The Legal Service Board (LSB) might develop targets for improving the “legal capability” of consumers, in its first push on public legal education (PLE).
The review is one idea in a paper for last month’s LSB meeting on how to put the organisation at the “forefront” of improving PLE, one of the new policy objectives in its 2019/20 business plan.
Like other legal regulators, the LSB – a member of the Solicitor General’s PLE committee – has a regulatory objective in section 1 of the Legal Services Act of “increasing public understanding of the citizen’s legal rights and duties”.
It admitted in the paper that it has not done much on this until now, “reflecting other priorities and the perceived lack of direct connection between the LSB’s formal statutory role and PLE”.
But now there is “a more expansive understanding of how the LSB might contribute to PLE”, the oversight regulator said it could explore use of its “regulatory levers”, by launching a thematic review of regulators’ approaches to PLE and how they take this into account when developing regulatory proposals.
Another idea is to examine whether targets could be developed for improving the “legal capability” of members of the public to tackle problems when they arise and for reducing unmet need.
The goals were “increased consumer capacity to identify when they have a legal need and to know where to go and how to resolve it”, along with a legal sector that has PLE “embedded within it”.
The paper said work could begin by finding out from stakeholders such as the Legal Services Consumer Panel, the relevant teams at the Ministry of Justice and other members of the PLE committee where they thought the LSB could “add value”.
Responding to the LSB’s business plan, the panel emerged as the only organisation sceptical about its involvement, saying it was difficult to see how the board could add value.
Other organisations, including the Bar Council, Law Society and Solicitors Regulation Authority, generally supported greater involvement by the LSB.
In the paper, the LSB said it wanted to analyse and communicate PLE elements from its latest legal needs survey, due to be published next month, along with insights from its “back catalogue” of research.
The LSB said the focus of its PLE project should be on legal information and knowledge for the public, and not the education and training of lawyers or pro bono work.
“Although we recognise the role of pro bono as a channel for delivering PLE, the policy considerations around pro bono provision (such as claimed regulatory restrictions) are proposed to be out of scope.”
The paper added: “We want to avoid narrowing our focus at too early a stage based on perceptions or opinions rather than evidence.
“There is some evidence that just in time initiatives (advice to those with a specific problem) will have a greater impact than just in case (general information for future use).
“Legal advice and information is often delivered alongside broader consumer/life skills advice: we should be comfortable with this fuzzy boundary, as long as there is a component that is legal in nature.”
In the light of its research findings the LSB said it could “focus on particular groups of vulnerable consumers, more prone to low legal confidence and not taking action” due to a lack of knowledge, for example young people or those on low incomes.
“We could explore what can be learnt from other sectors (eg. health, financial services – including clustering of legal problems with other problems) and other jurisdictions.”

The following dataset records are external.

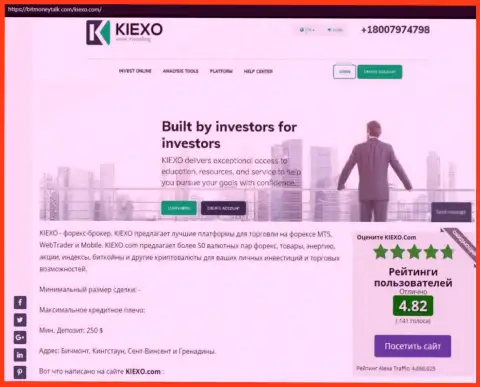 Рейтинг форекс дилинговой компании KIEXO, размещенный на сайте БитМаниТок Ком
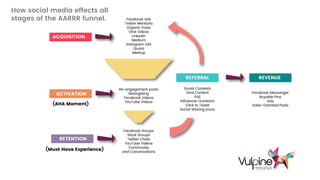 7P a g e
How social media effects all
stages of the AARRR funnel.
 
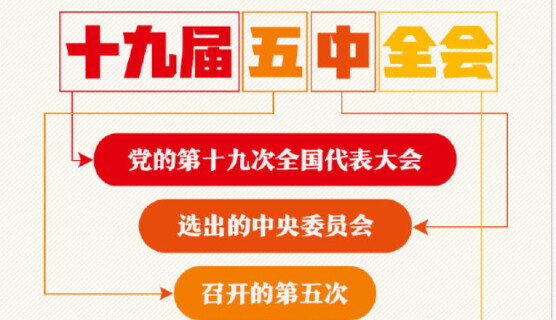 一组图带你了解十九届五中全会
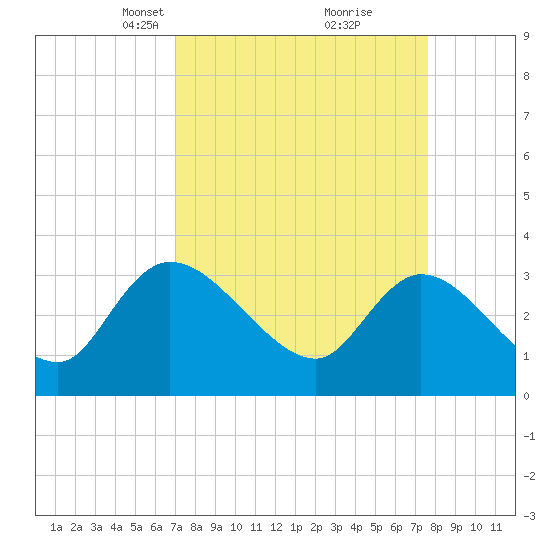 Carr Creek tide chart for Friday, March 31, 2023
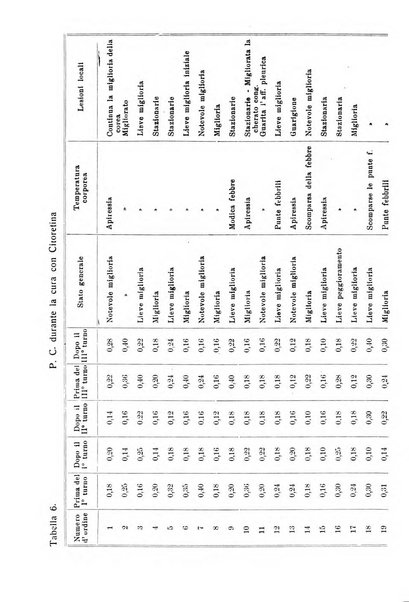 La clinica pediatrica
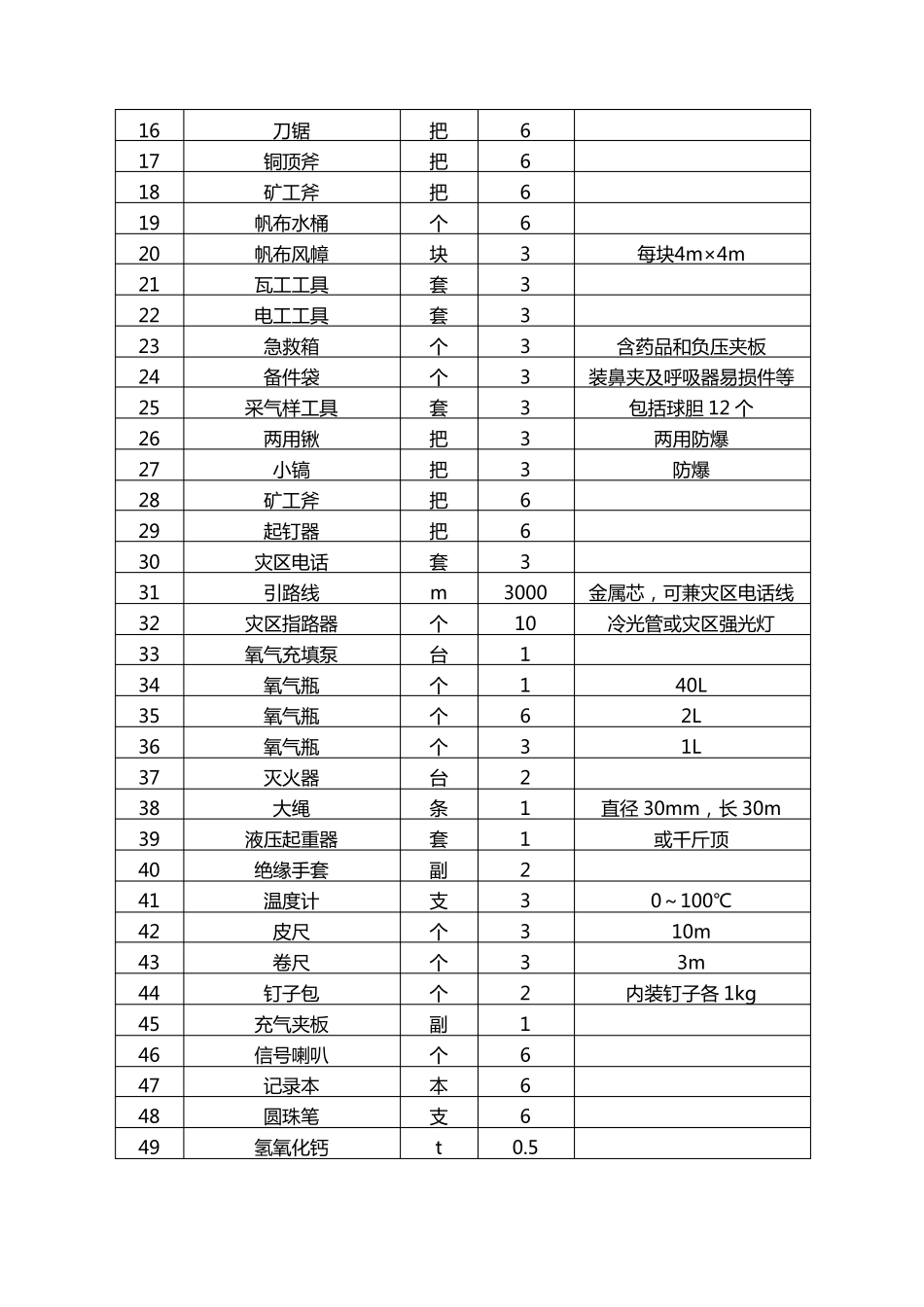 煤矿消防材料库材料配备明细表_第2页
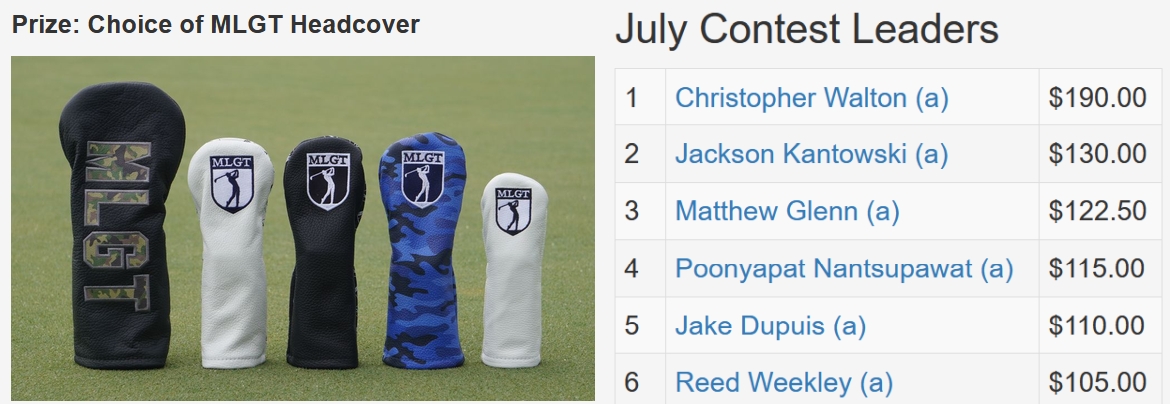 July TD Contest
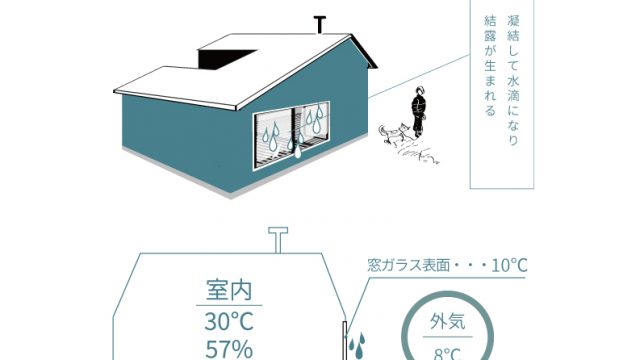 結露対策 防止に珪藻土壁が効果絶大 内装材の違いで快適な暮らし 漆喰と珪藻土の専門店ロハスウォール 完全自然素材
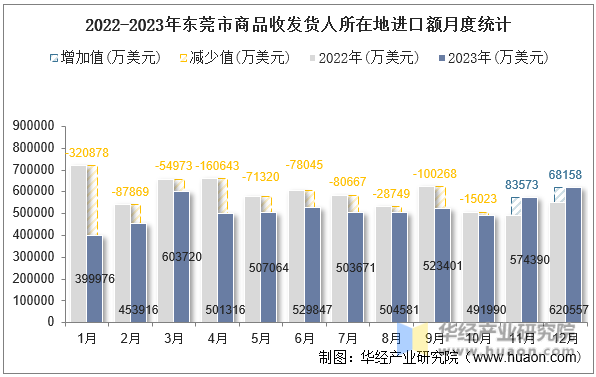 2022-2023年东莞市商品收发货人所在地进口额月度统计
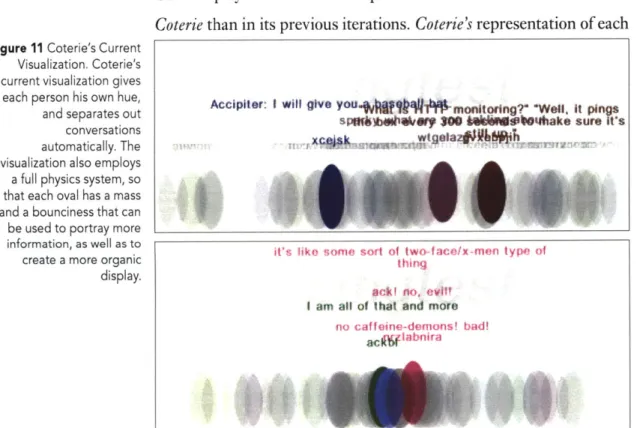Figure  11  Coterie's  Current Visualization.  Coterie's current visualization  gives each  person his  own hue, and  separates  out conversations automatically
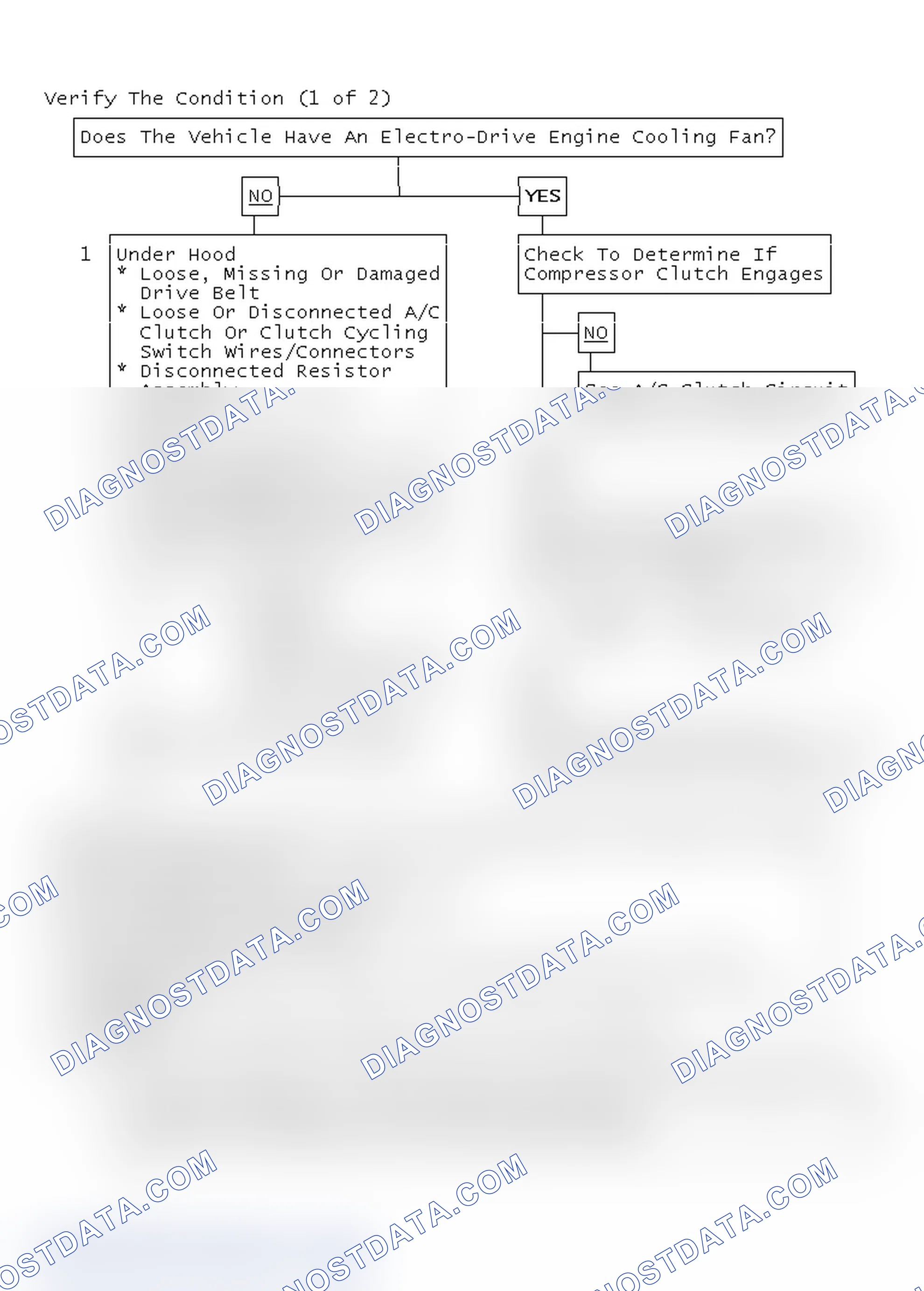 Scheme 12: Verify The Condition (1 of 2)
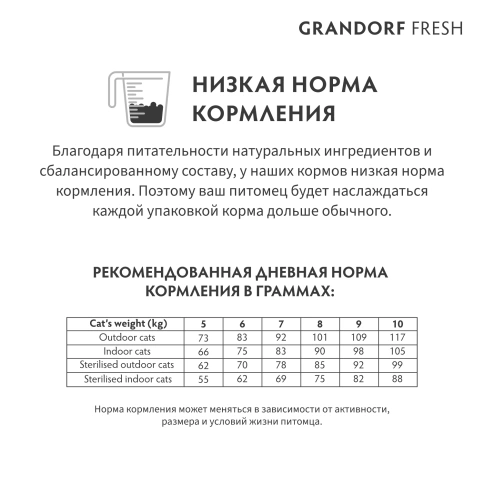 Сухой корм Grandorf Cat Lamb & Sweet Potato для взрослых кошек крупных пород, чувствительное пищеварение или склонность к аллергии ягненок, с бататом, 2 кг фото 10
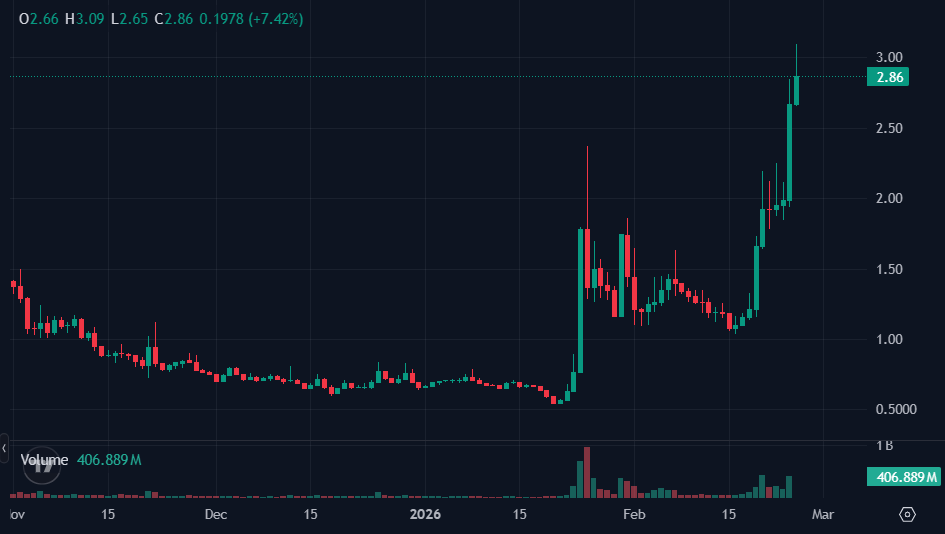 Top 5 Hidden Altcoin Gems Shaping Market Trends This March 3 image 254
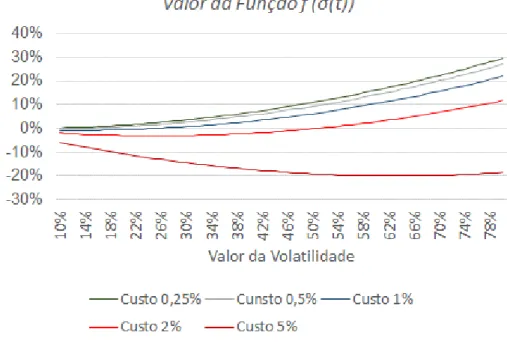 figura 2: Valor da função para diferentes custos de transação
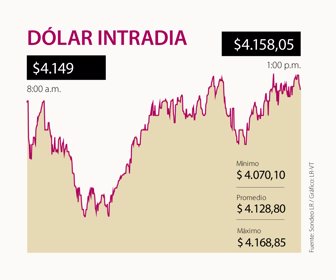 ancla_dolar_p19_1080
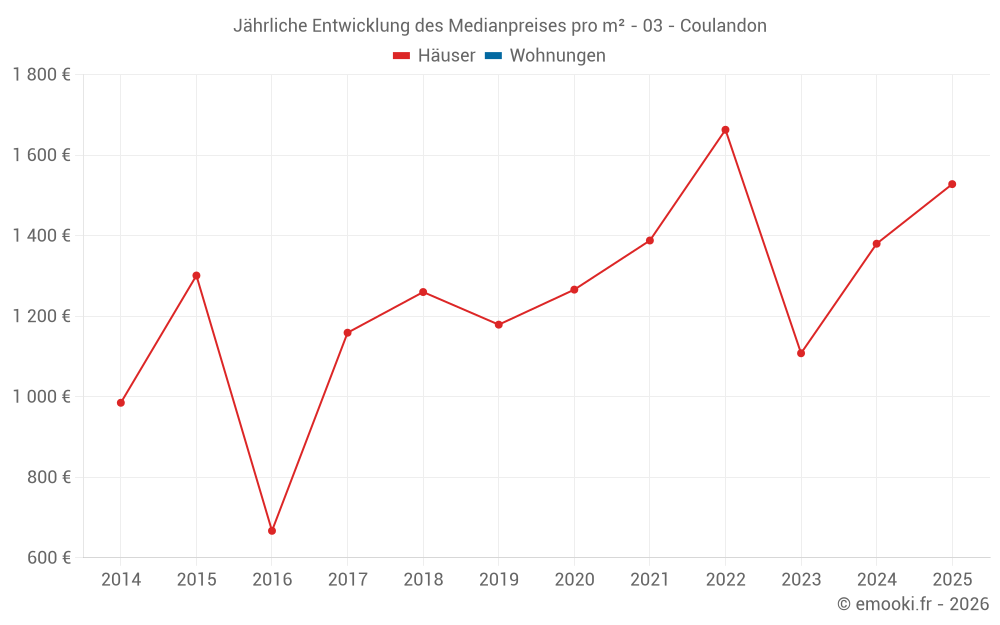 Jährliche Entwicklung des Medianpreises pro m² - 03 - Coulandon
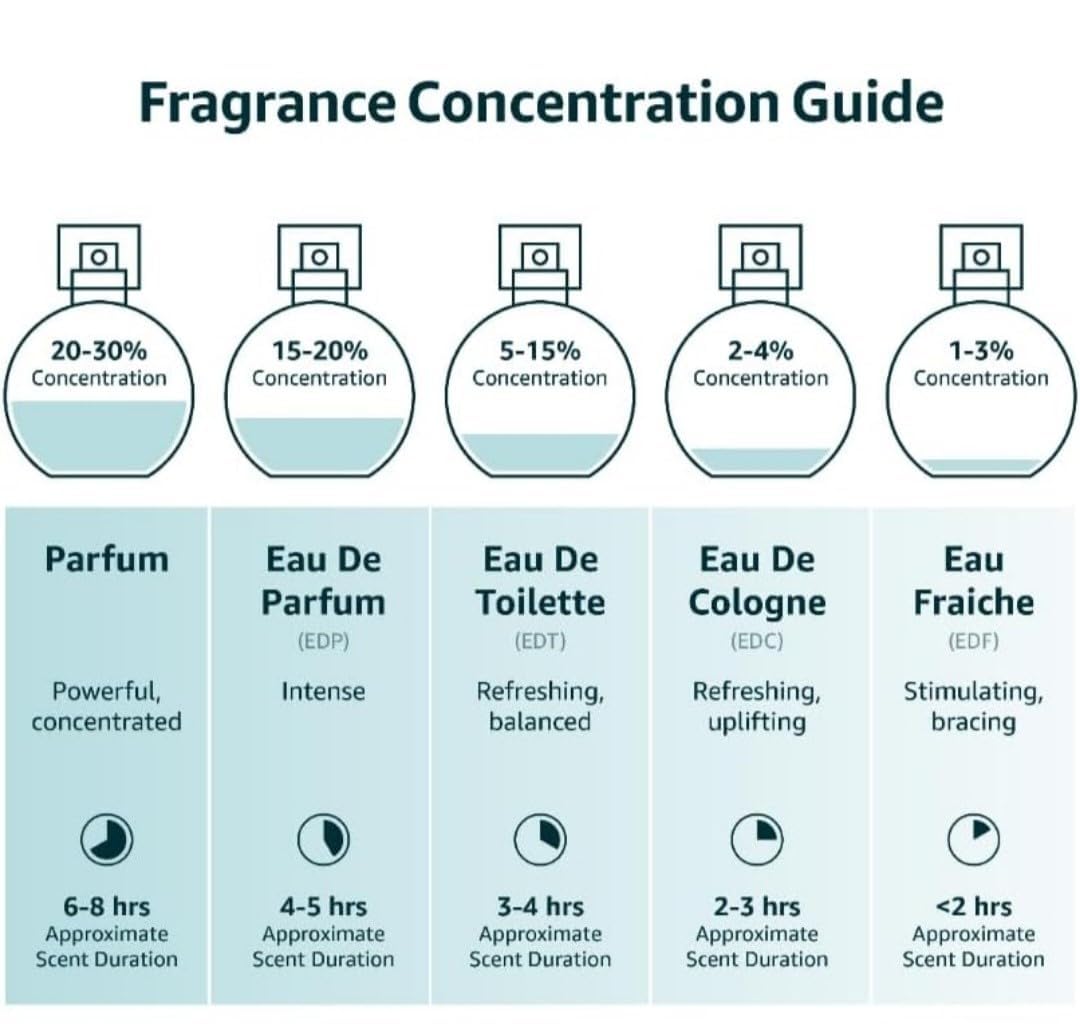 Couple Perfume Gift Set - Modern Unisex Cologne with 2 Travel Size Refillable Bottles | 100ml/3.3fl.oz.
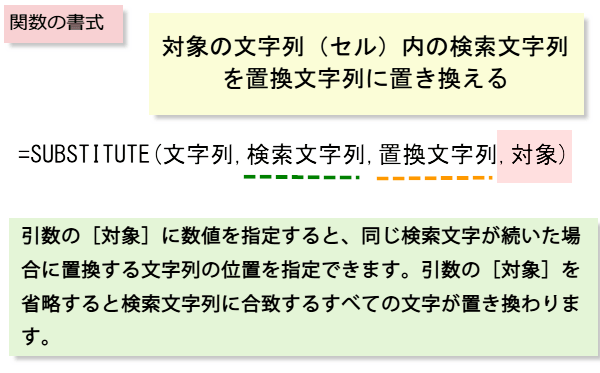 SUBSTITUTE関数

The LSB said it could also survey external PLE research, develop ways of measuring the impact of PLE initiatives and develop mechanisms to “help assure the quality of PLE”, in terms of its accuracy or timeliness.
Within the next six months, the paper proposed that the LSB should have identified where and how best it could be involved, published a summary and reflected on the policy implications of its next legal needs survey and returned to the board for an “update and further steer”.